Colorful containers can add all kinds of flavor to your landscape year-round, but too many gardeners only fill them for the summer. Sure, marigolds, petunias, impatiens and other tender plants offer all kinds of warm-weather color, but what about the rest of the year?
Before fall frosts hit, replace warm-season annuals with mums and other fall flowers that do well despite cold nighttime temperatures.
Photo Credit: Sam Spiro
Dress up your winter containers by simply cutting branches from evergreen trees in the garden and tucking them into planters along with pinecones, berries and twinkling lights.
Photo Credit: Veronica Lorson Fowler
Start your spring pots out with early season bloomers.
Photo Credit: Netherlands Bulb Information Center
As spring turns into summer, remove the bulbs and other spring plants from your containers and replace with warm-season annuals.
Photo Credit: Freeze Frame Studio
Consider changing out your pots each season for beautiful displays every month of the year. (This is especially nice to do with permanent containers like window boxes and built-in planters.)
Here’s how to have beautiful, full containers and planters, no matter the season:
While most of your neighbors are storing their containers in the garage for the winter, you can be filling yours with mums, ornamental cabbages and kale, as well as other fall-blooming plants. If you can find them in your garden center, pansies are a good choice, too – they’ll bloom into the winter in mild-winter climates (USDA hardiness Zone 6 and warmer).

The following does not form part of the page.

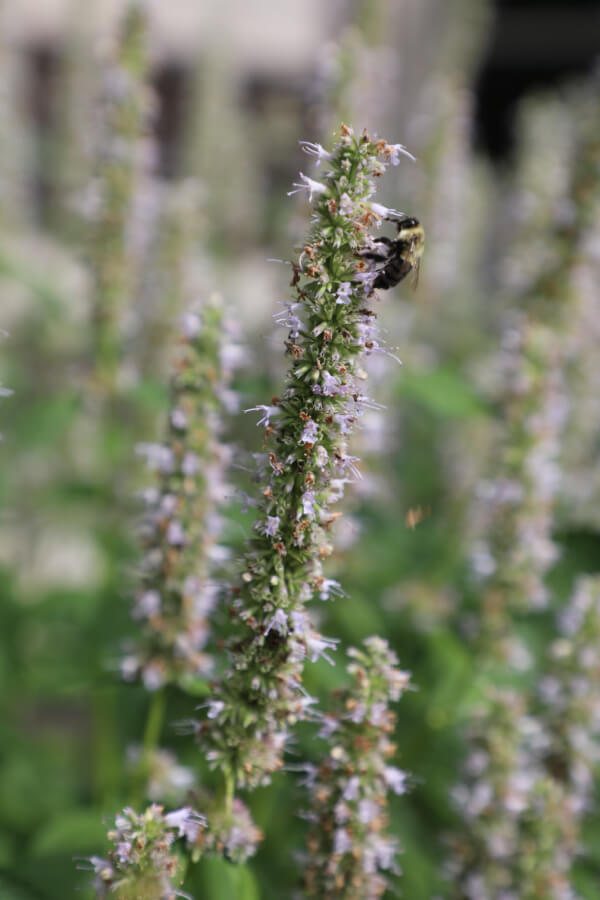 A bee is perched on a tall, blooming lavender stalk, surrounded by similar lavender plants in this serene gathering space.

Fall is also the perfect time to get creative and tuck in cut branches of shrubs and trees that have beautiful fall color, berries or showy grass seed heads for additional interest. Just push the cut ends into a container’s soil, much in the way you would with a flower arrangement in a large vase. If autumn weather is reliably below 50 degrees F, snip long-lasting bits of perennials like tall sedums, and insert their cut ends into the soil, too. Or tuck tiny pumpkins, pinecones, Indian corn, gourds or other adornments in and around your potted plants. These cold-hardy, seasonal plantings should last you a few months until the heart of winter.
Snow, frost and ice will kill even the most cold-tolerant mums and other fall plants in containers. So after your region’s first heavy frost, pull out your damaged container plants for a seasonal change.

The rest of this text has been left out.